Harmony: Things that hopefully she will never even have to think about as she’s working…

Sarah: Exactly.

Harmony: In your years of study through your apprenticeship did you develop a sort of a special area of expertise or area of special interests?

Sarah: There’s a couple of garments and couple areas that I’m very interested in. One of those areas is actually making trims for ladies clothes. There’s a particular type of trim, a fringed trim that was separately applied to a gown or to a hat or to a muff that was often made in England buy a whole separate trade, but some milliners also would practice other branches of millenary that might include, say, trim making or embroidery, but I’ve really taken to the trim making.

It’s essentially tying lots of little knots and silk filament and then weaving it into a tape or tying it on to ribbon to make long yardage for then applying to gowns. So I’ve been really kind of focusing on the technology of that aspect of our trade and trying to get very fast at the work. Not just doing it as you would say craft in your spare time, but being able to produce it to that 18th century work standard just like we’re trying to produce gowns and other articles to the 18th century work standard.

Harmony: So you’re completing your apprenticeship that culminates with a final project for you. What shape does that take for you?

Sarah: Well the final projects that we have to complete to prove our journeywoman’s status is actually  threefold.

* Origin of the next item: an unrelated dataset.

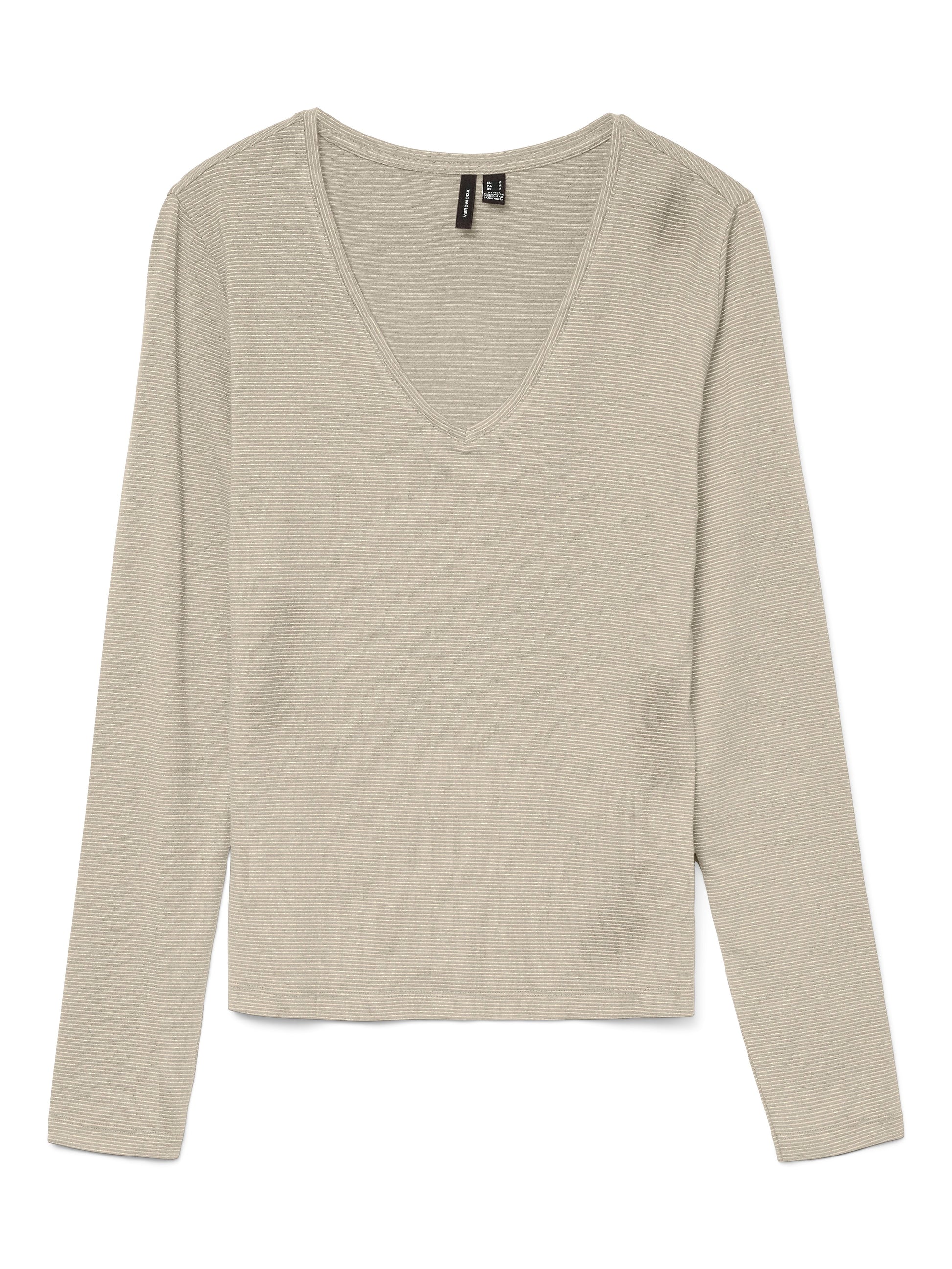 Vmlava Glitter Ls V-neck Top Stripe Noos (Oatmeal/go)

To become a journeywoman as a milliner and mantua maker I have to complete a set of final projects. One of those projects, I have to look at an image and bring it to life. I have to study an antique object and make an exact copy off of it. And then I have my own choice, and I can either do an exact copy or make a gown for somebody in town.

I’ve completed two out of three of those final projects right now. I just completed a project called “A Morning Ramble” or “The Milliner’s Shop” where I was forewoman and created three different outfits for woman to wear in a tableau that was presented at our “Millenary Through Time” conference. So I gave a lecture bringing this picture to life as well as talked a lot about the context of the image in the 18th century and what it meant to the milliner and their trade. When I was forewoman and organizing the project I looked at period images. I looked at a couple original garments that we have here at Colonial Williamsburg to help me better understand the context of the clothes that I was looking at and then, of course, sewed them up in the shop.

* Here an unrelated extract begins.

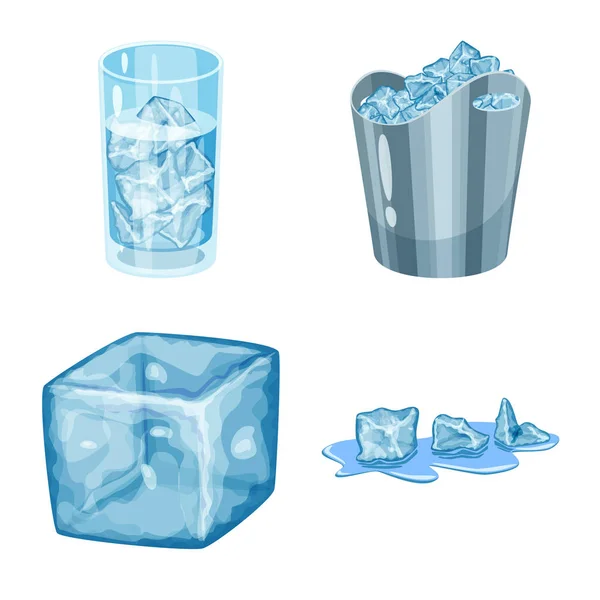Design vettoriale del gelo e del logo dell'acqua. Set di gelo e simbolo stock bagnato per il web . — Vettoriale Stock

Harmony: And as you’re sewing you mentioned that you are doing this all by eye.

Sarah: Yes, so when I cut, for example, one of the jackets for one of the ladies in the print I was laying the fabric directly against the stays and then just cutting out the shape of the neckline, cutting the curve over the hip, sculpting the fabric over her stays and over her body and so at that point I was just integrating what I had learned through years of study and my eye at that point had been trained well enough to know the correct proportion for the neckline, the correct shape that goes over the hips and so forth.

Harmony: It’s been wonderful having you here today and I hope that all of our listeners get a chance to come and visit you and the other talented people in the Margaret Hunter Shop. Thank you.

Sarah: Thank you so much for having me today.